Scraped caption text data ::
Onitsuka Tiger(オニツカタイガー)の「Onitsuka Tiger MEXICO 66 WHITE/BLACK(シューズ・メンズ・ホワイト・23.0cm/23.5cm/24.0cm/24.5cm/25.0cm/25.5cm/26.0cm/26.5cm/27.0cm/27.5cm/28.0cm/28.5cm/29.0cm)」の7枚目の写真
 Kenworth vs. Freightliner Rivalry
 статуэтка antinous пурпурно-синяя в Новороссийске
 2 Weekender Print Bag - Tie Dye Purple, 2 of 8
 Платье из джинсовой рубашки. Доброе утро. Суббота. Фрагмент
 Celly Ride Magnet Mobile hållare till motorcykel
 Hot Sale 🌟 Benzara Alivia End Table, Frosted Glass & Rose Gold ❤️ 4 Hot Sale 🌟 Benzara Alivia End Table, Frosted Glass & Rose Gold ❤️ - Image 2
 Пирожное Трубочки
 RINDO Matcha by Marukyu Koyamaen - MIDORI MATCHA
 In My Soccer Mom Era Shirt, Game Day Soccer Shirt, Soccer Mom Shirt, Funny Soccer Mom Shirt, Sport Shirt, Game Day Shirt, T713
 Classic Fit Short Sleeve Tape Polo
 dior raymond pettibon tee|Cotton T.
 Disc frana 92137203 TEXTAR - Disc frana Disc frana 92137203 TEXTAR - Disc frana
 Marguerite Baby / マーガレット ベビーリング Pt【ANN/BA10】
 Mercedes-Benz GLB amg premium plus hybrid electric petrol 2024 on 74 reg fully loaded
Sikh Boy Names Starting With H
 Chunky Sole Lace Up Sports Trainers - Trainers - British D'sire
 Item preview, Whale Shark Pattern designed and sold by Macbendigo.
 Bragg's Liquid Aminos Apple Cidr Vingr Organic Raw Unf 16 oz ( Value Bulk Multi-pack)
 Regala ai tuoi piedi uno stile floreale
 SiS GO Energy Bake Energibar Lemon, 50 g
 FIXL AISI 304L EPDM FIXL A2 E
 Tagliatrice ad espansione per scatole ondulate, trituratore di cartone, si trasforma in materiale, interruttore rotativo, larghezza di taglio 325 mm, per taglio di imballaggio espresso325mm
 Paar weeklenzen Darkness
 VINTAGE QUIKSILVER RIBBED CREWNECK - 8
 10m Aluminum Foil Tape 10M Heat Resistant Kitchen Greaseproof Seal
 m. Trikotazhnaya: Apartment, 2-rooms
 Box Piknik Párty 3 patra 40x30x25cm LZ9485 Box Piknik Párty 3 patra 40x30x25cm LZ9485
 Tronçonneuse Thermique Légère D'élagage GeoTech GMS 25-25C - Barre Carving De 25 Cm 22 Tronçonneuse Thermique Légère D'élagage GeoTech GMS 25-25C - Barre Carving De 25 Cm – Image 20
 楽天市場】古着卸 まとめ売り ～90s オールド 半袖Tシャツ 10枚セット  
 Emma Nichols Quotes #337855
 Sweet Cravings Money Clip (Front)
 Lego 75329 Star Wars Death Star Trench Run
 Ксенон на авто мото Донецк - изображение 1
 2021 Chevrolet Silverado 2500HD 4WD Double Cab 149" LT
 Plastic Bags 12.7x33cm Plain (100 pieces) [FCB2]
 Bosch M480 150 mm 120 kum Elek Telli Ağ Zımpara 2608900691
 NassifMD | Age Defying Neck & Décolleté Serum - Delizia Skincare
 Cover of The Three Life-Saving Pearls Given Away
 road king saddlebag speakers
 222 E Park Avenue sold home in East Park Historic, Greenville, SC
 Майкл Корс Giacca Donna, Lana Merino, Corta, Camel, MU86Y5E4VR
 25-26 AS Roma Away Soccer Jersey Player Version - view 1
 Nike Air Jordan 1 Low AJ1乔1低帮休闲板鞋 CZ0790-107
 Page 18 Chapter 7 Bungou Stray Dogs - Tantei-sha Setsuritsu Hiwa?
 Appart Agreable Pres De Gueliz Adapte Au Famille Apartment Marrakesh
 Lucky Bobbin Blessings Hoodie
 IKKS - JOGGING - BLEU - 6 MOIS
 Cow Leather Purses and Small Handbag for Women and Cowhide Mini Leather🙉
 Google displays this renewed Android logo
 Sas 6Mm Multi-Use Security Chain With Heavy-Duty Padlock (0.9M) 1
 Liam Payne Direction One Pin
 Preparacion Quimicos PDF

What the task asks ::
Using the entries above, quote each line verbatim from the first through the line that contains "Box Piknik Párty 3 patra 40x30x25cm LZ9485 Box".

Answer to this problem ::
Onitsuka Tiger(オニツカタイガー)の「Onitsuka Tiger MEXICO 66 WHITE/BLACK(シューズ・メンズ・ホワイト・23.0cm/23.5cm/24.0cm/24.5cm/25.0cm/25.5cm/26.0cm/26.5cm/27.0cm/27.5cm/28.0cm/28.5cm/29.0cm)」の7枚目の写真
 Kenworth vs. Freightliner Rivalry
 статуэтка antinous пурпурно-синяя в Новороссийске
 2 Weekender Print Bag - Tie Dye Purple, 2 of 8
 Платье из джинсовой рубашки. Доброе утро. Суббота. Фрагмент
 Celly Ride Magnet Mobile hållare till motorcykel
 Hot Sale 🌟 Benzara Alivia End Table, Frosted Glass & Rose Gold ❤️ 4 Hot Sale 🌟 Benzara Alivia End Table, Frosted Glass & Rose Gold ❤️ - Image 2
 Пирожное Трубочки
 RINDO Matcha by Marukyu Koyamaen - MIDORI MATCHA
 In My Soccer Mom Era Shirt, Game Day Soccer Shirt, Soccer Mom Shirt, Funny Soccer Mom Shirt, Sport Shirt, Game Day Shirt, T713
 Classic Fit Short Sleeve Tape Polo
 dior raymond pettibon tee|Cotton T.
 Disc frana 92137203 TEXTAR - Disc frana Disc frana 92137203 TEXTAR - Disc frana
 Marguerite Baby / マーガレット ベビーリング Pt【ANN/BA10】
 Mercedes-Benz GLB amg premium plus hybrid electric petrol 2024 on 74 reg fully loaded
Sikh Boy Names Starting With H
 Chunky Sole Lace Up Sports Trainers - Trainers - British D'sire
 Item preview, Whale Shark Pattern designed and sold by Macbendigo.
 Bragg's Liquid Aminos Apple Cidr Vingr Organic Raw Unf 16 oz ( Value Bulk Multi-pack)
 Regala ai tuoi piedi uno stile floreale
 SiS GO Energy Bake Energibar Lemon, 50 g
 FIXL AISI 304L EPDM FIXL A2 E
 Tagliatrice ad espansione per scatole ondulate, trituratore di cartone, si trasforma in materiale, interruttore rotativo, larghezza di taglio 325 mm, per taglio di imballaggio espresso325mm
 Paar weeklenzen Darkness
 VINTAGE QUIKSILVER RIBBED CREWNECK - 8
 10m Aluminum Foil Tape 10M Heat Resistant Kitchen Greaseproof Seal
 m. Trikotazhnaya: Apartment, 2-rooms
 Box Piknik Párty 3 patra 40x30x25cm LZ9485 Box Piknik Párty 3 patra 40x30x25cm LZ9485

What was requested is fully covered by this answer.